Freo coy on 2029

WITH the bicentenary of Fremantle’s colonial settlement just five years away, Fremantle council has started preparing for the anniversary – but is being a bit shy about revealing what it has planned.

The council’s Towards 2029 working group, whose purpose is to assess and propose ideas around the bicentenary, met in May and June this year, but apart from some scant information from updates in council agendas the City wouldn’t provide any details.

“It would be inappropriate to release information before the Towards 2029 Working Group finishes this first stage of work,” a council spokesperson said. 

According to the council’s groups register, Towards 2029 was supposed to have completed its scoping two to three months after forming. 

At its June meeting, the group discussed a project titled “Manjaree Hub”, the Noongar name for the Arthur Head area.

That would be consistent with the May meeting, which flagged a “long-term vision and strategic plan for Roundhouse and Arthur Head Reserve.

“The necessity of enhancing the culturally significant Manjaree|Arthur Head Reserve precinct to include and benefit the Whadjuk community and broader First Nation people was identified as a priority in the meeting,” one of the updates revealed.

It foreshadowed a discussion at the next meeting about “an EOI process for tenancies of City managed assets in the Manjaree area”, but the next update doesn’t elaborate.

• Freo council has flagged changes to Arthur Head for the city’s 2029 bicentennary which would be inclusive and benefit Whadjuk Noongars. File photo

Referendum

Co-designer of the Uluru statement from the Heart and Whadjuk traditional owner Joe Collard said the bicentenary would be an important year, especially off the back of the Voice to Parliament referendum.

Mr Collard said healing and recovery needed to happen for First Nations people, and an important step could be Freo’s engagement with the Whadjuk People’s Indigenous Land Use Agreement. 

“Fremantle continues to maintain a colonial appearance that is uninviting” he said.

“Local government could demonstrate good will and good leadership by returning sacred area to their traditional owners who could revitalise sites like Cantonment Hill.” 

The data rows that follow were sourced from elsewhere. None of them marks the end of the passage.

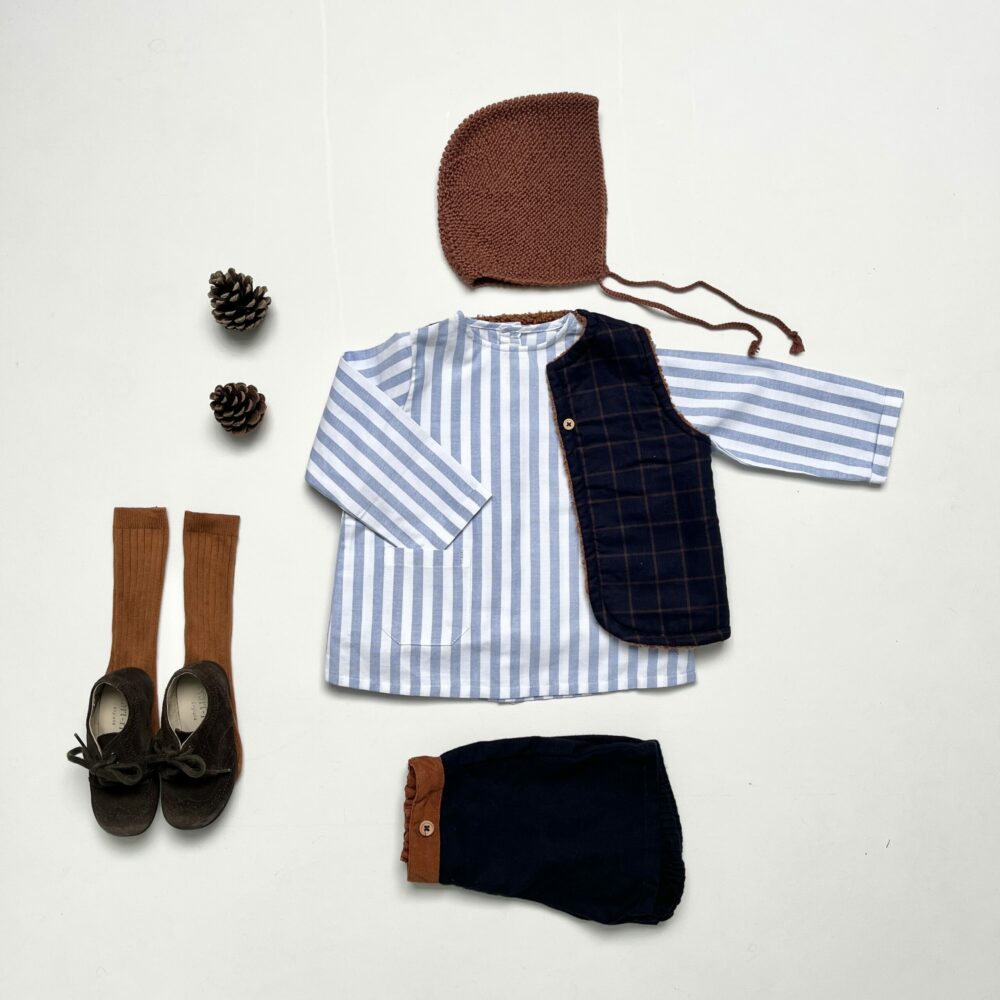 La blouse sans col Barnabé à larges rayures bleues – Image 2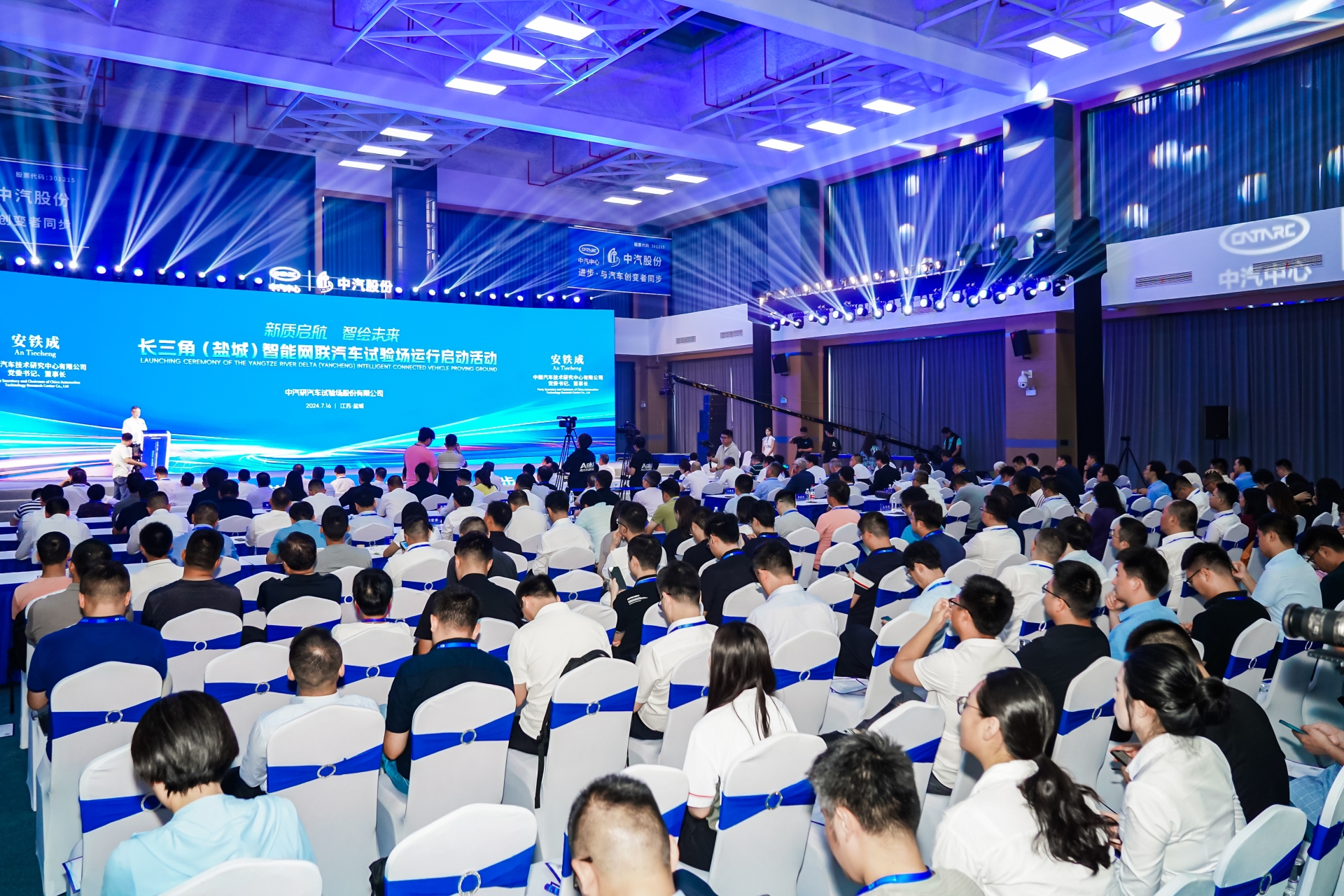 ´ó¾°.jpg ´ó¾°.jpg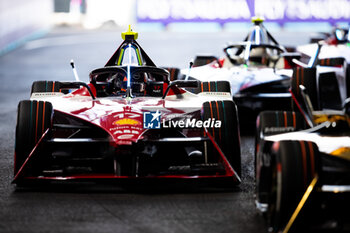 2023-07-29 - 17 NATO Norman (fra), Nissan Formula E Team, Spark-Nissan, Nissan e-4ORCE 04, action during the 2023 Hankook London ePrix, 12th meeting of the 2022-23 ABB FIA Formula E World Championship, on the ExCeL London from July 29 to 30, 2023 in London, United Kingdom - AUTO - 2023 FORMULA E HANKOOK LONDON EPRIX - FORMULA E - MOTORS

Fremantle Society president John Dowson said the bicentenary “should be a celebration of bringing people together and not pushing people apart”. 

Mr Dowson suggested the government create a longer-term major project for the entire community to appreciate.

 “Something positive for the state” such as revitalising waterways in Western Australia to provide “clean water and healthy rivers for us to go back and fish in and swim in”.

The City of Albany will be commemorating its bicentenary of settlement three years before the rest of the state in 2026 with a year-long celebration of shared history in the South West region. 

Albany’s community services director Nathan Watson described Albany 2026 as “a year of activity that is sensitively curated to tell the history of place and people associated with the community we now know as Albany, from the deep past to recent decades”.

“[The council’s] journey to Albany 2026 is important to the success of the 2029 bicentenary and the premier and state ministers have been briefed on Albany’s approach and are very supportive”.

A Cook government spokesperson said: “More information on how WA will acknowledge this significant anniversary will be available in due course.”